Итак, принцип псевдопрекрасного, лжекрасоты, наряду с террором, – несущий элемент политико-идеологической практики национал-социализма. Ни одна из речей Гитлера не обходится без этих заклинаний красоты. «… У меня есть тщеславный план… сделать мой народ богатым, немецкую землю прекрасной. Я хотел бы, чтобы жизненный уровень каждого поднимался. Я хотел бы, чтобы у нас была самая лучшая и прекрасная культура», – заявлял Гитлер в 1940 году перед рабочими военной промышленности.
Какие благие пожелания (по поводу улучшения жизни сограждан), какие лицемерные заклинания! Ведь ценой этого поднятия жизненного уровня оказалась утрата самой жизни миллионами граждан в результате авантюрной, безумной политики, террора и экспансии в чужие страны. Мы знаем, чем все обернулось, – разрухой, миллионами погибших и искалеченных, голодом, черным рынком и т. д.

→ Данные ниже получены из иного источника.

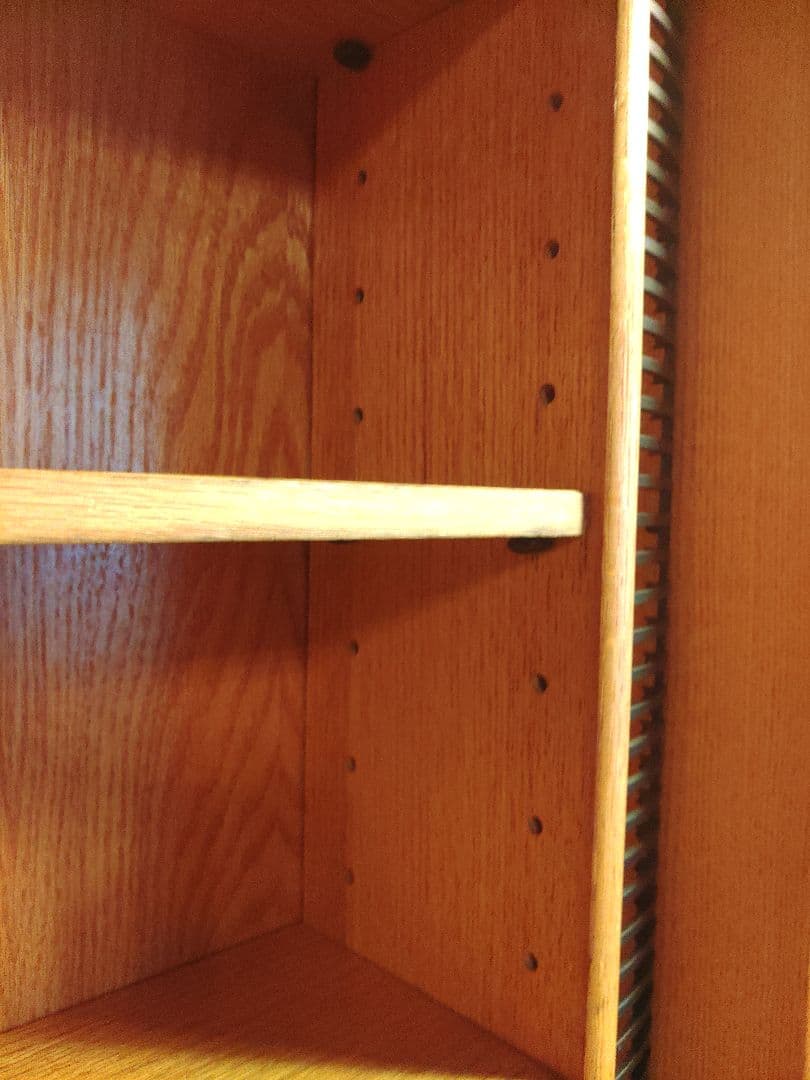 希少　CDラック　DVDラック　ナチュラルウッド　本棚 シェルフ　オーダー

Фюреру принадлежит еще одно программное заявление: «Искусство, которое не может рассчитывать на радостное и душевное одобрение здоровой широкой массы народа, невыносимо». Литература и искусство должны были сыграть особую роль в достижении «народной» и «боевой» общности, в консолидации масс для выполнения главной гитлеровской цели. Впрочем, нам эта роль знакома: оружие партии, перо, приравненное к штыку. В ноябре 1933 года Геббельс произнес одну из своих пламенных речей, в которой он, касаясь литературы и искусства, сформулировал задачи, говоря современными языком, «творческой интеллигенции». (Хотя слово «интеллигенция» было для него и его фюрера хуже рвотного порошка.) Итак, Геббельс заявил: «…Революция, которую мы совершили, тотальная. Она охватила все области общественной жизни и принципиально изменила их… Это касается и творчески работающего художника. Искусство… обретает жизнь лишь в жизни народа. Пожалуй, самым ужасным преступлением творческих людей минувшей эпохи (т. е. Веймарской республики. – И. М.) было то, что они не находились более в органической связи с народом и потому утратили корни, которые давали им ежедневную подпитку. Художник отделился от народа, при этом он лишился источника своей плодовитости. Отсюда идет угрожающий жизни кризис людей культуры в Германии… Если творческий человек теряет твердую почву народности, на которой он должен стоять прочными сильными костями, чтобы выдержать бури жизни, то он оказывается во власти враждебной цивилизации, которая его раньше или позже погубит…»
Все – от смысла до лексики – выдержано, как видим, в духе основных принципов национал-социалистической пропаганды. Слово художника, то бишь писателя, должно было нести идеи нацизма в массы, завоевывая их и выполняя – «в художественной форме» – самую явную пропагандистскую функцию. Для этого необходимо было перестроить все культурные институции и заменить «персонал». Все, что было гуманного, достойного, признанного в мире, выдающегося в немецкой культуре, сразу или постепенно покидало Германию. До 1938 года эмиграция была прежде всего проблемой материальной, которую не все могли решить; после указанного года выезд стал невозможен. На «освободившиеся места» из глубочайшей провинции съезжалась свора «своих», кичащихся «народническим» духом и верностью «крови и почве», вылезали из всех щелей мрачные фигуры, спешащие захватить все «командные посты» в литературе и искусстве.